▸ Exercise aim
From the entries below, copy exactly the lines from the one that contains "1867 Jaw Teeth" through the one that contains "极速浏览器是哪个,权威汇总正版_CXZ版?DT434", both included, and only those.
━━━ The records
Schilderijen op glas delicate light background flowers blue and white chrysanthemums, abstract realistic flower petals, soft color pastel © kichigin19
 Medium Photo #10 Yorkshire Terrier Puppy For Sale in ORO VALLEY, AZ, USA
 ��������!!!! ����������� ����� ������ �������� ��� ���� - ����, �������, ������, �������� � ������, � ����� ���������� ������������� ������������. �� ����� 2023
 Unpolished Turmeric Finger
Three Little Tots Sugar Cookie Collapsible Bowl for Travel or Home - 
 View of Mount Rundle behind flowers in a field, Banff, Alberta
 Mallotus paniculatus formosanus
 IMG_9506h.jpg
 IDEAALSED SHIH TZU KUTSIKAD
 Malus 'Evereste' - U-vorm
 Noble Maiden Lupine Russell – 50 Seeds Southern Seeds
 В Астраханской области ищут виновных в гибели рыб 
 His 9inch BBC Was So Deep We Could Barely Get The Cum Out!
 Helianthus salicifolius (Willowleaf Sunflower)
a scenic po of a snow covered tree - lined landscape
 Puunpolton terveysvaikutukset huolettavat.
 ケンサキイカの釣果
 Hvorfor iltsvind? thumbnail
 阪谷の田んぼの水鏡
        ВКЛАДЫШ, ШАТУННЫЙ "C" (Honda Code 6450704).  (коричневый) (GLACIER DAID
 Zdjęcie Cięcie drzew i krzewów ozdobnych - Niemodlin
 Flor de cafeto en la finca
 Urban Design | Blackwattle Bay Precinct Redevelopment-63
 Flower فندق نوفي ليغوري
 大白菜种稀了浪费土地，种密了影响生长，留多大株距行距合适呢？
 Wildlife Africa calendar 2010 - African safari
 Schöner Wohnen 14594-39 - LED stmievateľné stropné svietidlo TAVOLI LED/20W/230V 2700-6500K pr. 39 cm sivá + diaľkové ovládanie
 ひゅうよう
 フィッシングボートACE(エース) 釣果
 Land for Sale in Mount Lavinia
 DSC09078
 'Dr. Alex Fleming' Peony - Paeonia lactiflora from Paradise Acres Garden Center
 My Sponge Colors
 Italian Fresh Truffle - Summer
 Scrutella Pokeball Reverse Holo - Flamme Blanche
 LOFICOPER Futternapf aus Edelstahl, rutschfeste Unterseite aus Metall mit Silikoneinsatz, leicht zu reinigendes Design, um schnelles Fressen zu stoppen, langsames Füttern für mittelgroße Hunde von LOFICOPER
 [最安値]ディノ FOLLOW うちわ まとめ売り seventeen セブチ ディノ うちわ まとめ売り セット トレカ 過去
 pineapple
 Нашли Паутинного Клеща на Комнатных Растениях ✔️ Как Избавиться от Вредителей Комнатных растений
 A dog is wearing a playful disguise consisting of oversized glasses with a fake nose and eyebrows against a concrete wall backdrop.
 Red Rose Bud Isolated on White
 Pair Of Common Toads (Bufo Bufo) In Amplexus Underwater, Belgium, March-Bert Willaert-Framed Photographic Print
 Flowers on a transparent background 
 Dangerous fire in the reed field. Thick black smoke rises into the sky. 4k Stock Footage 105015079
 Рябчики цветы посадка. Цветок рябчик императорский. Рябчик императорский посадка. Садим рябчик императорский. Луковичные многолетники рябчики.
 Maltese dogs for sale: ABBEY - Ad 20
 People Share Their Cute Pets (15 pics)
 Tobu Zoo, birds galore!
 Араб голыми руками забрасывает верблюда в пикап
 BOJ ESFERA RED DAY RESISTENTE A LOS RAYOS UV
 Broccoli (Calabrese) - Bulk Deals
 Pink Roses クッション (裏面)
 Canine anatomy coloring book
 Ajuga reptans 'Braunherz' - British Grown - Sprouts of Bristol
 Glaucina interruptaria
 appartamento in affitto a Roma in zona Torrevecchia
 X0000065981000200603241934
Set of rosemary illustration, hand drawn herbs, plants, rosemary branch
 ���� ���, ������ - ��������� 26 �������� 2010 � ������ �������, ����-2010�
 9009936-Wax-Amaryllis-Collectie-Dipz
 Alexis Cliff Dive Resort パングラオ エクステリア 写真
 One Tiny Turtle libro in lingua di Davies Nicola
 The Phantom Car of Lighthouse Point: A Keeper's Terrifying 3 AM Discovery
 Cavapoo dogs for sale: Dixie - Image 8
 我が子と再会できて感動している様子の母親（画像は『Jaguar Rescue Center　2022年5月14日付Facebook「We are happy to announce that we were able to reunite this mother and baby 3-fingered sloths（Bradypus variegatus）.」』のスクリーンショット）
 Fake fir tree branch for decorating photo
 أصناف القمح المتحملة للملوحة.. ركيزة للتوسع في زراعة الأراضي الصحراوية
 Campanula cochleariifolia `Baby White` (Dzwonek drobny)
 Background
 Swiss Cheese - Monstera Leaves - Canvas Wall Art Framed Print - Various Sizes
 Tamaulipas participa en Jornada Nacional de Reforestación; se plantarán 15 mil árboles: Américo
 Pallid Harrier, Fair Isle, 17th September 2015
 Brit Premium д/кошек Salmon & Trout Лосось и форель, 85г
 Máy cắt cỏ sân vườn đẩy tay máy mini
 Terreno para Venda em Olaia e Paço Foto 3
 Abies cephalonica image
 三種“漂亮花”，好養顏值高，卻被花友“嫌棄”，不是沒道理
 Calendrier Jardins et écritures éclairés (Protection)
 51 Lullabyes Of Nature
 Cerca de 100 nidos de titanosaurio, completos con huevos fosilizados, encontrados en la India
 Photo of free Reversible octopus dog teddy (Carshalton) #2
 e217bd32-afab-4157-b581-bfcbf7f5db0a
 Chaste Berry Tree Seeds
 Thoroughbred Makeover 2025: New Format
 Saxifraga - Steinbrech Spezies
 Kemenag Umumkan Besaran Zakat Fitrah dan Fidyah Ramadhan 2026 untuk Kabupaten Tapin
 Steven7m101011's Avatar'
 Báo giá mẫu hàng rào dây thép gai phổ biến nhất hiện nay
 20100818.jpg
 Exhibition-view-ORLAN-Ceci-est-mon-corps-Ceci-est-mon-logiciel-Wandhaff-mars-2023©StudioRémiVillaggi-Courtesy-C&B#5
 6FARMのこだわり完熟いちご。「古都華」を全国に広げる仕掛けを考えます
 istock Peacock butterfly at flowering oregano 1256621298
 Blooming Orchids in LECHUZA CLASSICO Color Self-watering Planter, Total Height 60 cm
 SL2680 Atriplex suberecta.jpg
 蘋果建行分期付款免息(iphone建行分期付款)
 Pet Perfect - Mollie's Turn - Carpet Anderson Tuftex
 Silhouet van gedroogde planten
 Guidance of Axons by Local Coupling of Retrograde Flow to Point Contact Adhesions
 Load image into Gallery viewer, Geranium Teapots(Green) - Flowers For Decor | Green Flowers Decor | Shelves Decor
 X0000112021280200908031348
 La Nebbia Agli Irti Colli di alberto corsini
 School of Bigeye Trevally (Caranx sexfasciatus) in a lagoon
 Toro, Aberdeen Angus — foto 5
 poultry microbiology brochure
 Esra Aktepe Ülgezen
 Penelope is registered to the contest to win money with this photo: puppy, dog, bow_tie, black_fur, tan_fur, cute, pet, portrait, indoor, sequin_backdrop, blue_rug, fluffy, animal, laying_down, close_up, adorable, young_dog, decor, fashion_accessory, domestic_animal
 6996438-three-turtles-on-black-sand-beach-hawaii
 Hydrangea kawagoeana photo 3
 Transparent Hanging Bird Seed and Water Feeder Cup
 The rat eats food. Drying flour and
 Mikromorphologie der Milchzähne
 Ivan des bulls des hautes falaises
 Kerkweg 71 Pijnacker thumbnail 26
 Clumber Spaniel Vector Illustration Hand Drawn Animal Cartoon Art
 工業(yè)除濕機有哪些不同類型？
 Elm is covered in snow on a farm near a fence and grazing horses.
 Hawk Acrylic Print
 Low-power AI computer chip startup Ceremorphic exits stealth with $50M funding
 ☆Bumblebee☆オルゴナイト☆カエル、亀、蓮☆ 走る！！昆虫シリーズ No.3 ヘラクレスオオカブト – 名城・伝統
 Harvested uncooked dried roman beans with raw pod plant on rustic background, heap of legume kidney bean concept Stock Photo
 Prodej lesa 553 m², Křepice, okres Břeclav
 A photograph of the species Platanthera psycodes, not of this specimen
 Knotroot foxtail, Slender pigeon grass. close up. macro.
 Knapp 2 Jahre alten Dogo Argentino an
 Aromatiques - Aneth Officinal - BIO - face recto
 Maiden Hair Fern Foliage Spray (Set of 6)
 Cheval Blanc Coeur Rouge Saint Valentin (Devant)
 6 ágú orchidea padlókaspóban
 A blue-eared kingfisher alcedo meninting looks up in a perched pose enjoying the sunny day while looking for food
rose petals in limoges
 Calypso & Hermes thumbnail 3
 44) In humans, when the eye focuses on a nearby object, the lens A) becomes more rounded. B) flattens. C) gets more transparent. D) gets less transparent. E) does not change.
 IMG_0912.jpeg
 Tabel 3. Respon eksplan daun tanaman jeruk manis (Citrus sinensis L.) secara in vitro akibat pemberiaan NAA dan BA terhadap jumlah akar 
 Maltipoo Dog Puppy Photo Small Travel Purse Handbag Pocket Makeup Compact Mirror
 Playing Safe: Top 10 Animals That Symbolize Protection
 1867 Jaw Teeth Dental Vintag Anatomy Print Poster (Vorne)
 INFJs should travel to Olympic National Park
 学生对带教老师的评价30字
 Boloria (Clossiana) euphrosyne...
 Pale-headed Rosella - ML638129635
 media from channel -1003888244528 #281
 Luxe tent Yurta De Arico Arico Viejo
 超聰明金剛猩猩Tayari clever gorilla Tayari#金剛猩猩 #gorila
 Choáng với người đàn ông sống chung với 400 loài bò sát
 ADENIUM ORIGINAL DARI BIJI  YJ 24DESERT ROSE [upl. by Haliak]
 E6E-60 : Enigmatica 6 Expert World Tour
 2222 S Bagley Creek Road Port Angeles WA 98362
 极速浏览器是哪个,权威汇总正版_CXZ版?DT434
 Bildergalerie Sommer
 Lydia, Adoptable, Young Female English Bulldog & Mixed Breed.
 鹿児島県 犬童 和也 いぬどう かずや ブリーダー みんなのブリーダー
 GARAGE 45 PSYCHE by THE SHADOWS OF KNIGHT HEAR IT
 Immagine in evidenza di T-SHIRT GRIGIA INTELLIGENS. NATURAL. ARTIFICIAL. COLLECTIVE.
━━━━━━
▸ Response
 1867 Jaw Teeth Dental Vintag Anatomy Print Poster (Vorne)
 INFJs should travel to Olympic National Park
 学生对带教老师的评价30字
 Boloria (Clossiana) euphrosyne...
 Pale-headed Rosella - ML638129635
 media from channel -1003888244528 #281
 Luxe tent Yurta De Arico Arico Viejo
 超聰明金剛猩猩Tayari clever gorilla Tayari#金剛猩猩 #gorila
 Choáng với người đàn ông sống chung với 400 loài bò sát
 ADENIUM ORIGINAL DARI BIJI  YJ 24DESERT ROSE [upl. by Haliak]
 E6E-60 : Enigmatica 6 Expert World Tour
 2222 S Bagley Creek Road Port Angeles WA 98362
 极速浏览器是哪个,权威汇总正版_CXZ版?DT434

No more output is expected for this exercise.